=== Exercise brief ===
Repeat the data exactly. Pictures stay out.

=== Provided material ===
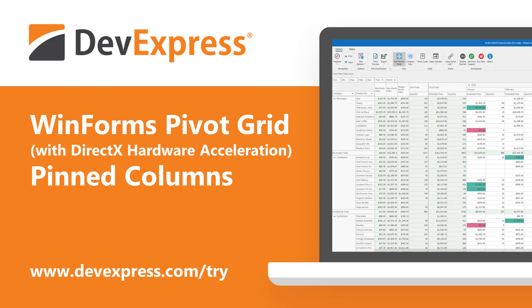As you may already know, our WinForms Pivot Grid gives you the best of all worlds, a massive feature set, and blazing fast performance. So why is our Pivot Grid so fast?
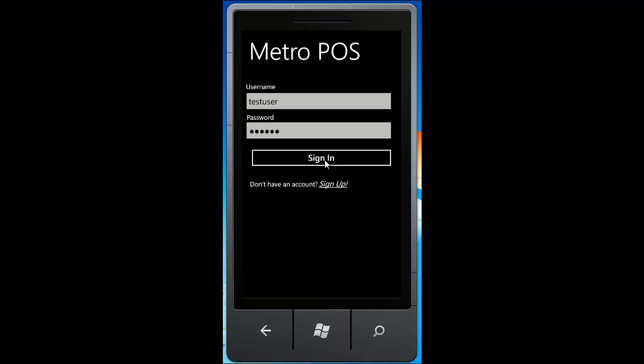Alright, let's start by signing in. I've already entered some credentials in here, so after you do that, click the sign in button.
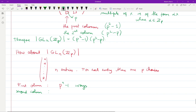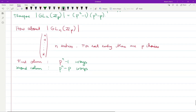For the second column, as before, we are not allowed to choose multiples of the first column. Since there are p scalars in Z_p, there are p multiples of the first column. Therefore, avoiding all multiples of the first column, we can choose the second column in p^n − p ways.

=== Exercise response ===
As you may already know, our WinForms Pivot Grid gives you the best of all worlds, a massive feature set, and blazing fast performance. So why is our Pivot Grid so fast?
Alright, let's start by signing in. I've already entered some credentials in here, so after you do that, click the sign in button.
For the second column, as before, we are not allowed to choose multiples of the first column. Since there are p scalars in Z_p, there are p multiples of the first column. Therefore, avoiding all multiples of the first column, we can choose the second column in p^n − p ways.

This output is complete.